Real-time throughput is enabled by fast inference: 13 ms/frame (detection), 6.5 ms/frame (pose), with total overhead under 20 ms.
5. Onboard Deployment and Resource Characterization
FlyPose has been demonstrated onboard a quadrotor UAV (max. 35 kg MTOW) carrying a Jetson Orin AGX developer kit and a gimbal camera (≈4 kg payload). The pipeline achieves ≈20 ms end-to-end per frame (starting after an initial RTSP camera setup delay of ≈300 ms), aligned with 50 FPS operation. This real-time processing headroom is intended to support downstream tasks such as action or gesture recognition (Farooq et al., 9 Jan 2026).
Total latency breakdown:
- Detection: 13 ms/frame.
- Pose: 6.5 ms/frame.
- Pre-/post-processing: ≈0.5 ms/frame.
A plausible implication is that such performance margins enable closed-loop control or human-in-the-loop UAV missions.
6. FlyPose-104 Dataset and Challenge Aspects
FlyPose-104 is a new test-only dataset released alongside FlyPose to benchmark aerial human pose detectors under unconstrained conditions.
- Frames: 104 aerial images (own + public sources).
- Annotations: 193 person instances, each labeled with COCO-format bounding boxes, 17 keypoints, and visibility flags.
- Scene variation: Altitudes from 5–50 m, 90° nadir and steep oblique views, variable backgrounds (snow, water, dirt, urban).
- Difficulties: Frequent severe self-occlusion, extreme scale variance (blurry, low-res small persons), and challenging lower limb and face keypoints.
- Usage: Test-only split, explicitly for detector generalization.
This suggests FlyPose-104 will facilitate further research into failure modes for small-scale, top-down pose estimation from aerial perspectives.
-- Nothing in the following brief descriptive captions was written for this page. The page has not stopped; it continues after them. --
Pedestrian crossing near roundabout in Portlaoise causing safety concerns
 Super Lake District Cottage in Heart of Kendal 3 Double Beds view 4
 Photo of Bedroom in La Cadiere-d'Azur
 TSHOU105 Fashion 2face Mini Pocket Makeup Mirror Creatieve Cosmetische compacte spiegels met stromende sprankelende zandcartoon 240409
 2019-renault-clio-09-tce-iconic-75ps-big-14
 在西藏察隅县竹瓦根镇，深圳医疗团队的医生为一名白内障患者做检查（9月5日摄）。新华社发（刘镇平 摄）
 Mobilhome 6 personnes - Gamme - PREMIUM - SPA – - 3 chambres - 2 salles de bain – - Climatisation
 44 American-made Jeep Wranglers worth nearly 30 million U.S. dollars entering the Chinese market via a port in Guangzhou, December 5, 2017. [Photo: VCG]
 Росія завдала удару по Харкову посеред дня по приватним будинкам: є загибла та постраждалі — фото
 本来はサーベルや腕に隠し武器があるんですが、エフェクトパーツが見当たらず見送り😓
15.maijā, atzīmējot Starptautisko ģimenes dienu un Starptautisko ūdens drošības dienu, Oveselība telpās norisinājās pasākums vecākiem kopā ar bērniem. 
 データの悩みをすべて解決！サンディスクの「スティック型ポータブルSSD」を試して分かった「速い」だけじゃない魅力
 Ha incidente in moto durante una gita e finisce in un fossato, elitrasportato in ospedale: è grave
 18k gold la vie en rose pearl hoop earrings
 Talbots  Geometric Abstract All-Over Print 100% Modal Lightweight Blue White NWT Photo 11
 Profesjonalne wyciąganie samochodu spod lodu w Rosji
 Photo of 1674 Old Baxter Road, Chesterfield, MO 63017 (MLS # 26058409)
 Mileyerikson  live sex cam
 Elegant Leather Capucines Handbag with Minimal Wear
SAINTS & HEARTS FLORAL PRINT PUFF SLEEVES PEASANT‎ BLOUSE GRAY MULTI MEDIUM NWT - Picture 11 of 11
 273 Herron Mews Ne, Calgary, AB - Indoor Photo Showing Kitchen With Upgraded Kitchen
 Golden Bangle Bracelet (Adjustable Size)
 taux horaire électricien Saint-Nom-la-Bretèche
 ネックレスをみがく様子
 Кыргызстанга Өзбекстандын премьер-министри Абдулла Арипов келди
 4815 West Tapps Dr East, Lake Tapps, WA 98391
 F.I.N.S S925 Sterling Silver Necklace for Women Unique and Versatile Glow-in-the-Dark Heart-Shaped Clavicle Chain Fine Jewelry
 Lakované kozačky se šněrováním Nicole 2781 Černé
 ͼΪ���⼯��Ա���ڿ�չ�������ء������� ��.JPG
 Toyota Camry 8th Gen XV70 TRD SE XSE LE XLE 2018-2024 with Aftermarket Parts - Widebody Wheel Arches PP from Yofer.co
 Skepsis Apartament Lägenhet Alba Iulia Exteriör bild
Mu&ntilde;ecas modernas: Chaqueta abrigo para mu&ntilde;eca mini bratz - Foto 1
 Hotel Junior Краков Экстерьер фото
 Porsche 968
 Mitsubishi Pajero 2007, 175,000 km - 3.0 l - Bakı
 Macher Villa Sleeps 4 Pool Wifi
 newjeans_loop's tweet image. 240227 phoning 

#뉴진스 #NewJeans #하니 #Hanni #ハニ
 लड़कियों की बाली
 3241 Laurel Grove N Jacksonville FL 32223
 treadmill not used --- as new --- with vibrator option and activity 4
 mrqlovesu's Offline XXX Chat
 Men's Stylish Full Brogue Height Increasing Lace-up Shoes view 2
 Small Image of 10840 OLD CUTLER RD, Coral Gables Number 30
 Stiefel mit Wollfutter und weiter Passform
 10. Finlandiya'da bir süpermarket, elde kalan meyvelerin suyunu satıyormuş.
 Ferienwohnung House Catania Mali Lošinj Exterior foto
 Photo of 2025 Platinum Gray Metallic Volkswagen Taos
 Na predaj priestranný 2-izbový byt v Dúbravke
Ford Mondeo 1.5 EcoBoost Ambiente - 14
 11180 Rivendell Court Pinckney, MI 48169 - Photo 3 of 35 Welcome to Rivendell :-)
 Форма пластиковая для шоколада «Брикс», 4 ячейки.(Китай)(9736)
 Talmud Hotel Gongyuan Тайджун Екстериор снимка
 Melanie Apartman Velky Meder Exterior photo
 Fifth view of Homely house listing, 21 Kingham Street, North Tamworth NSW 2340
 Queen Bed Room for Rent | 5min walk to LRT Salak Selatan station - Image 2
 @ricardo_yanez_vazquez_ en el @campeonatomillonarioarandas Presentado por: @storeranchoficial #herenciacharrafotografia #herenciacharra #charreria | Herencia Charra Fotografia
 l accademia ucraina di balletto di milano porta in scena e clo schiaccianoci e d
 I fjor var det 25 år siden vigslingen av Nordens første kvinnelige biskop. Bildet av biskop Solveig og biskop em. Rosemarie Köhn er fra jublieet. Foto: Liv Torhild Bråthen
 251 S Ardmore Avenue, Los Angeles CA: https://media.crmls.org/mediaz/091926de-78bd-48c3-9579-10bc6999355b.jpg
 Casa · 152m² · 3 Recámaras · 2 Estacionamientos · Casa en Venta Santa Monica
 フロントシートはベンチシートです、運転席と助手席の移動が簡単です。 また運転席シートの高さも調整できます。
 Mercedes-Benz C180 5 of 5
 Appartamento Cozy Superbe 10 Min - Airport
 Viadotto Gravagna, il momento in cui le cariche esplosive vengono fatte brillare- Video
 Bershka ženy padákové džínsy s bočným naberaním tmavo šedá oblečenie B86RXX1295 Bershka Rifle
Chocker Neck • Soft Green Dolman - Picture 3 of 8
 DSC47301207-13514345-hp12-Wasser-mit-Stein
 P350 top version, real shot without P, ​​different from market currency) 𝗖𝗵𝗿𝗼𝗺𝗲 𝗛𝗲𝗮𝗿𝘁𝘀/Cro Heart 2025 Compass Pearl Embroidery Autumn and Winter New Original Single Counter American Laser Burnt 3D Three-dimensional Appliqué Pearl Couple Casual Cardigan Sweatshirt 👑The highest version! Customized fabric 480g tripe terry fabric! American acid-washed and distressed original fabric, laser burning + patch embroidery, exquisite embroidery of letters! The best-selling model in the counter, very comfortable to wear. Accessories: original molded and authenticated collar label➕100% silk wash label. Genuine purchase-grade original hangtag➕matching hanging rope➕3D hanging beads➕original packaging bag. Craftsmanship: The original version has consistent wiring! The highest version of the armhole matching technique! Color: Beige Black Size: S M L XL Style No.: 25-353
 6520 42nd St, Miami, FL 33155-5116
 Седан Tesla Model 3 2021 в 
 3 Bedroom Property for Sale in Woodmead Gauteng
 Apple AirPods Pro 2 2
7. Broader Context and Comparative Remarks
The approach and challenges addressed by FlyPose are distinct from multi-view 3D estimation strategies—such as AirPose (Saini et al., 2022)—which leverage multiple UAVs, distributed inference, and implicit cross-view parametric fusion for 3D pose and shape recovery. FlyPose targets single-camera, 2D keypoint estimation in real time for safety-critical UAV deployments at the edge, whereas AirPose tackles the added complexity of decentralized multi-agent 3D reconstruction. Both share hardware deployment challenges, sensitivity to occlusion, and reliance on comprehensive data annotation.
Continued advances in dataset creation (e.g., FlyPose-104), network architectures, and edge deployment protocols are likely to drive improved robustness and generalizability of pose systems across diverse airborne applications.